次のコードは固定の文字列を返すだけのシンプルなウェブサービスです。
package main
import (
"fmt"
"io"
"net/http"
"os"
"github.com/rs/zerolog/log"
)
func main() {
// ①
http.HandleFunc("/hello", func(w http.ResponseWriter, r *http.Request) {
fmt.Fprintf(w, "Hello, World")
log.Info().Msg("receive hello world request")
})
// ②
fmt.Println("Start listening at :8080")
// ③
err := http.ListenAndServe(":8080", nil)
if err != nil {
// ④
fmt.Fprintf(os.Stderr, "")
io.WriteString(os.Stderr, err.Error())
os.Exit(1)
}
}
- まず、URLごとの処理の登録をします。ここでは/helloというパスに文字列を返す処理を登録しています。

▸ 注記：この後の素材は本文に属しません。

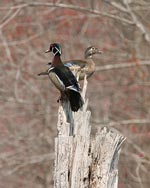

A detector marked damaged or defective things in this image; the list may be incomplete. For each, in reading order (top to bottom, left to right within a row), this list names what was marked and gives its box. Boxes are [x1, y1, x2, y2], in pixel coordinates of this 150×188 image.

splintered wood [54, 77, 125, 187]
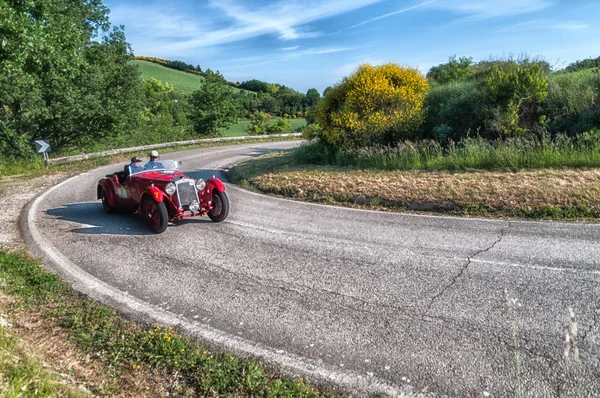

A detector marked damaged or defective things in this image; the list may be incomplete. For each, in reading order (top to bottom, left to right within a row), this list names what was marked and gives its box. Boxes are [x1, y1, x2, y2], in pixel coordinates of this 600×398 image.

crack in asphalt [420, 224, 508, 318]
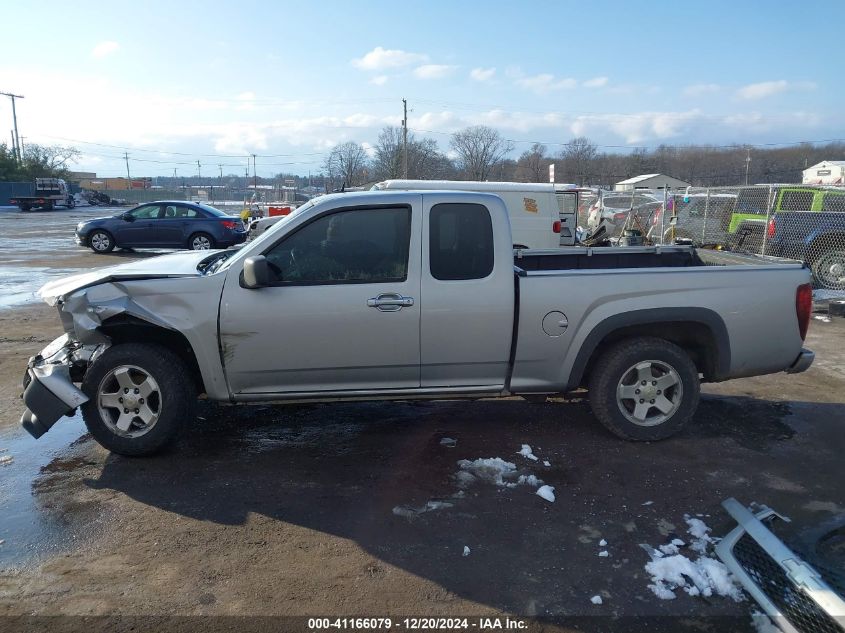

- ウェブサービスがどこで起動しているのかわからないとテストするのに不便なので、画面にテキストを表示しています。
- ここではhttpパッケージのListenAndServe()関数を使ってサーバーを起動します。
- もし、オープンしようとしているポートが占有されている場合は即座にエラーが帰ってきます。エラーを表示させるようにして、クローズさせます。
go runで実行するか、go buildで実行ファイルを作ってから実行してもOKです。
go run main.go
Start listening at :8080
http://localhost:8080/hello にアクセスすると、テキストが表示されます。
ここにJSON形式のリクエストやレスポンスを読み書きしたり、データベース機能や、情報の書き込みなどをすれば、実用的なアプリケーションとなります。
まとめ
以上で付録Aを読み終わりました。
何かの役に立てていれば嬉しいです。